The Belgian Malinois is a fairly large dog that measures around 60cm at the withers in adulthood. There is a noticeable difference between the size of the two sexes. Males measure between 60 and 66cm at the withers and weigh between 25 and 30kg. Females measure between 56 and 62cm at the withers and weigh between 20 and 25kg. Because of their size, it’s important to train your Malinois properly from an early age. Don’t hesitate to ask a professional dog trainer for help with this.

The growth period of the Belgian Malinois can be divided into two very distinct phases: a phase of rapid growth, until they reach 8 or 9 months, then a phase of more stable growth. The Malinois finishes growing at around 19 months old. This dog breed takes longer to mature than small or medium-sized dog breeds. This is often the case with large dog breeds; some giant breeds, such as the Bernese Mountain Dog, can take up to two years to mature.

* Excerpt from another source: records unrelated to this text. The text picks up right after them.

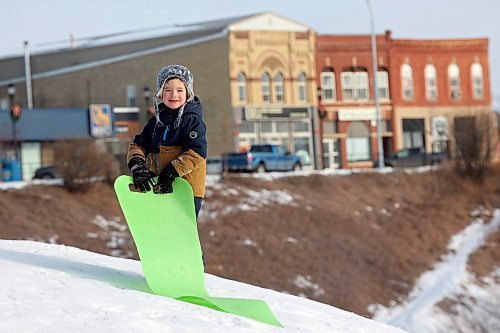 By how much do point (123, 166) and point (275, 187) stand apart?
5.26m

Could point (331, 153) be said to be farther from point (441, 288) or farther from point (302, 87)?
point (441, 288)

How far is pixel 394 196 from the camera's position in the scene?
3153cm

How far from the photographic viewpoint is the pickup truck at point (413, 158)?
40650 millimetres

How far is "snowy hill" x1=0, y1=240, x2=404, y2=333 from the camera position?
514 cm

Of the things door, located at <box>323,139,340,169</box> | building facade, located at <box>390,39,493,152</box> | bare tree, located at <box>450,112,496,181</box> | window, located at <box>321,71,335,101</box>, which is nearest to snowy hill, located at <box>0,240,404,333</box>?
bare tree, located at <box>450,112,496,181</box>

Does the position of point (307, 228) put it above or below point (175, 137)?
below

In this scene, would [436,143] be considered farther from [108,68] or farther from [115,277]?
[115,277]

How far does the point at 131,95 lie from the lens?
48469 mm

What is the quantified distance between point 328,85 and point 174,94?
42.4 meters

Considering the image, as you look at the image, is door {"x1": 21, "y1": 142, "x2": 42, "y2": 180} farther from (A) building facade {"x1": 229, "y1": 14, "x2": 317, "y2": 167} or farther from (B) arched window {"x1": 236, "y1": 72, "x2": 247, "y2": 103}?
(B) arched window {"x1": 236, "y1": 72, "x2": 247, "y2": 103}

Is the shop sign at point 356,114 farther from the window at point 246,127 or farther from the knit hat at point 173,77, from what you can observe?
the knit hat at point 173,77

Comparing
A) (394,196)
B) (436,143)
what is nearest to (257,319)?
(394,196)

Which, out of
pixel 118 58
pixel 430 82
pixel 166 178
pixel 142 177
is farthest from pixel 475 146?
pixel 142 177

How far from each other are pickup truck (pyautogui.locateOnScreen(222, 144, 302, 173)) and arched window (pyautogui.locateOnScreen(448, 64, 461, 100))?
16964 mm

You can usually estimate the adult weight of a dog by the age of 7 months because, by this point, a dog is considered to weigh two thirds of its final weight. Growth is a critical time for every puppy. Not only is this the time when your puppy forges a relationship with the world around them, but it is also the most crucial period for dog training, which needs to be taken seriously. During this time, it’s crucial to give your pooch lots of attention and be careful to protect their joints by avoiding putting too much strain on them. The Malinois is subject to hip dysplasia, which is a joint problem that could seriously affect your dog's mobility and therefore their quality of life.

So avoid letting your dog climb the stairs or engage in especially intense or rough games. Although the Malinois needs lots of exercise, it’s important to make sure your dog doesn't over-exert themselves either. Also be sure to provide your Malinois with a high-quality diet based on dry or wet dog food, perfectly adapted to meet their needs. Growing puppies need to eat enough to ensure they get all the nutrients they need. You will undoubtedly need to change your dog’s food as they grow older.